Dimensionality Reduction Algorithms
Core algorithms and method registry for dimensionality reduction.
Method Registry
- driada.dim_reduction.dr_base.METHODS_DICT = dict
Dictionary mapping method names to their DRMethod configurations.
Available methods:
pca- Principal Component Analysismds- Multi-dimensional Scalingisomap- Isometric Feature Mappinglle- Locally Linear Embeddinghlle- Hessian Locally Linear Embeddingle- Laplacian Eigenmapsdmaps- Diffusion Mapsmvu- Maximum Variance Unfoldingtsne- t-Distributed Stochastic Neighbor Embeddingumap- Uniform Manifold Approximation and Projectionae- Autoencodervae- Variational Autoencoder
Base Classes
- class driada.dim_reduction.dr_base.DRMethod(is_linear, requires_graph, requires_distmat, nn_based, handles_disconnected_graphs=0, default_params=None, default_graph_params=None, default_metric_params=None)[source]
Dimensionality reduction method configuration.
- handles_disconnected_graphs
Whether the method can handle disconnected graphs without preprocessing
- Type:
Notes
Boolean attributes are stored internally but accept 0/1 integer values for backward compatibility.
- __init__(is_linear, requires_graph, requires_distmat, nn_based, handles_disconnected_graphs=0, default_params=None, default_graph_params=None, default_metric_params=None)[source]
Initialize a DRMethod configuration object.
- Parameters:
is_linear (int or bool) – Whether the method is linear (1/True) or nonlinear (0/False).
requires_graph (int or bool) – Whether the method requires a proximity graph (1/True) or not (0/False).
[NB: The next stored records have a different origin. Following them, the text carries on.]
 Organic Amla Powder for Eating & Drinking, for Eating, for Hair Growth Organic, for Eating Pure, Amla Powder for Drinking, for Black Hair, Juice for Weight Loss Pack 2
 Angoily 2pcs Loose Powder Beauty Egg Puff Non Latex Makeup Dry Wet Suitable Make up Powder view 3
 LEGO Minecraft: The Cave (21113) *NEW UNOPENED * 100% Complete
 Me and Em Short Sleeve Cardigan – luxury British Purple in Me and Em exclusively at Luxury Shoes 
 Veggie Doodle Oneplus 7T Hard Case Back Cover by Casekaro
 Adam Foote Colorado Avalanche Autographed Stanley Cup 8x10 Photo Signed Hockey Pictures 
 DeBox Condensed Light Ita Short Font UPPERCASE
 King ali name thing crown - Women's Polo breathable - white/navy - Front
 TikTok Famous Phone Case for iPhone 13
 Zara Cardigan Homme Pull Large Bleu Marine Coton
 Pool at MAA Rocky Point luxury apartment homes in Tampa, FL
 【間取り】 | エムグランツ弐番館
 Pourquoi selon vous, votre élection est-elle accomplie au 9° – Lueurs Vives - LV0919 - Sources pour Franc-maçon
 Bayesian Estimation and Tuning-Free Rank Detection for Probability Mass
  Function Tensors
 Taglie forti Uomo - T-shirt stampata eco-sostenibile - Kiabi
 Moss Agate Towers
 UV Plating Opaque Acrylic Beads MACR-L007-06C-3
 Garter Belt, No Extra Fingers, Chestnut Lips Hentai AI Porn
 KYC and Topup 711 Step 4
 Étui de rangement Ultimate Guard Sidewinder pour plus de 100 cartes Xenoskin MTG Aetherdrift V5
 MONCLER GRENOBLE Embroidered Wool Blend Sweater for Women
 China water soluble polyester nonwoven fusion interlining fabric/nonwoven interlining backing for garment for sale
requires_distmat (int or bool) – Whether the method requires a distance matrix (1/True) or not (0/False).
nn_based (int or bool) – Whether the method is neural network based (1/True) or not (0/False).
handles_disconnected_graphs (int or bool, default=0) – Whether the method can handle disconnected graphs without preprocessing.
default_params (dict or None, default=None) – Default parameters for the embedding method. If None, uses empty dict.
default_graph_params (dict or None, default=None) – Default graph construction parameters (if requires_graph).
default_metric_params (dict or None, default=None) – Default metric parameters (if requires weights).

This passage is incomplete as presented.